The complainant noted that a report on a the local Ottawa newscast concerning an incident involving an airline and a drone also included discredited footage of an alleged drone-aircraft collision.
By Esther Enkin, CBC Ombudsman
The complainant, Alain Ducharme, noted that a report on a the local Ottawa newscast concerning an incident involving an airline and a drone also included discredited footage of an alleged drone-aircraft collision. He said it brought the whole story into question. He was right about the footage. The error was quickly caught and corrected, but it never should have happened.
You complained about a story which aired on the supper hour newscast on CBC News in Ottawa. You pointed out it contained falsified video footage of a drone damaging an airplane wing, an event that never occurred. You said the video had been “completely fabricated.”
CBC News did not verify its sources, fabricated the claim that this “was reported by a passenger”, ignored common sense physics, and is misleading everyone with erroneous false information.
I would appreciate it if measures could be put in place to prevent reckless false reporting such as this from occurring in the future.
The footage purporting to be a video taken by a passenger on a New York bound flight being hit by a drone was used in the context of a story about the air crew on a Montreal-to-Ottawa flight, reporting they had to avoid a drone on approach.

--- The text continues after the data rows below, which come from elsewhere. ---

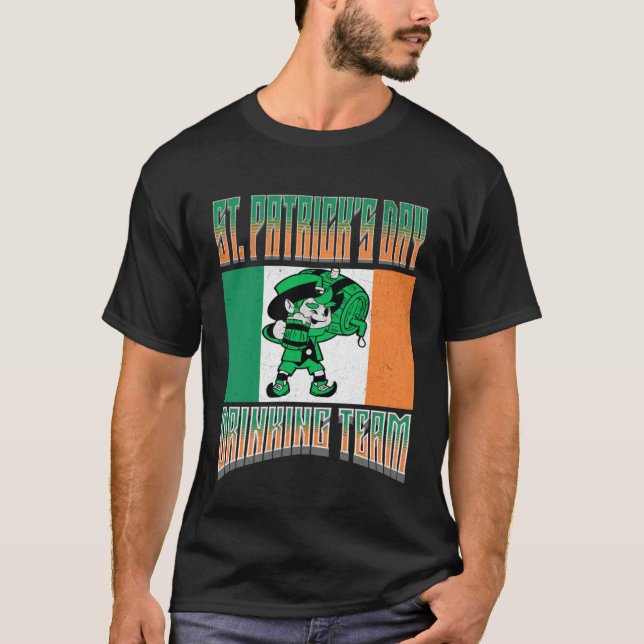 Camiseta ST Patrick's Day Drinking Team  Leprechaun Irish M (Frente)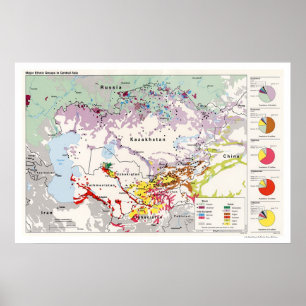 Poster Carte des groupes ethniques en Asie 1993
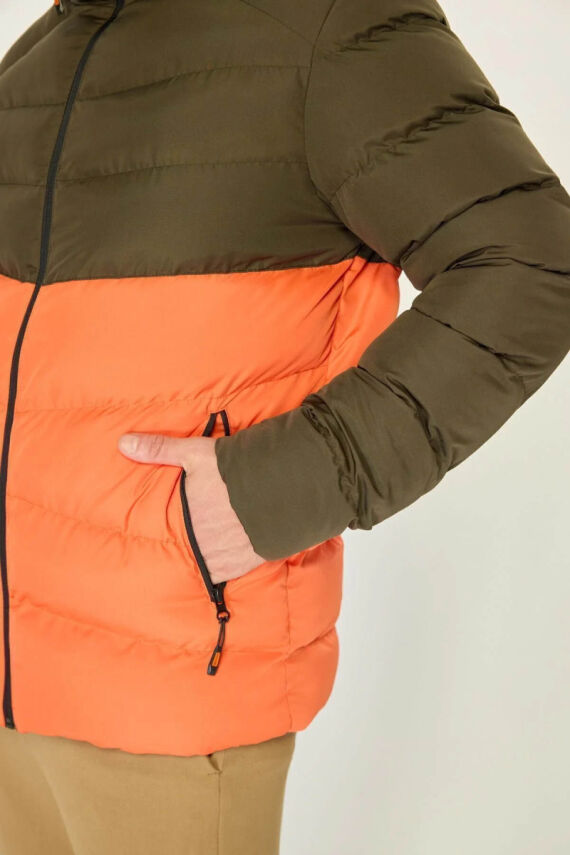 İçi Astarlı Su ve Rüzgar Geçirmez Cepli Kapüşonlu Erkek Mont - 11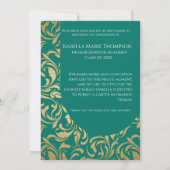 エメラルドエレガントグリーン&金ゴールドアーチ写真卒業 案内状 (裏面)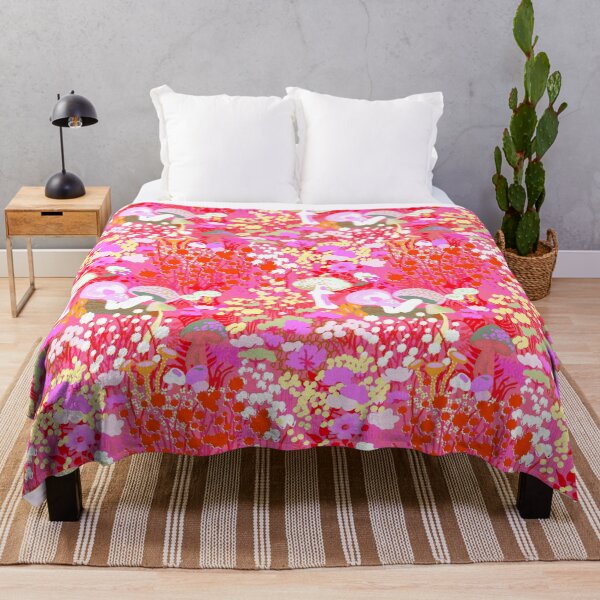 Item preview, Psychedelic Forest Fungi in Saturated Pink + Red designed and sold by YesterdayColl.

The Managing Editor of CBC News in Ottawa, Ruth Zowdu, replied to your complaint. She agreed with you that the reporter had used fake video as part of the story – that was the part that was not accurate. However, the broader story, the one about the Air Canada pilot reporting the need to avoid a drone when landing in Ottawa, was correct. She agreed that using the footage from the internet was “sloppy journalism and did not meet CBC standards and practices.” She acknowledged this undermined the credibility of the entire story.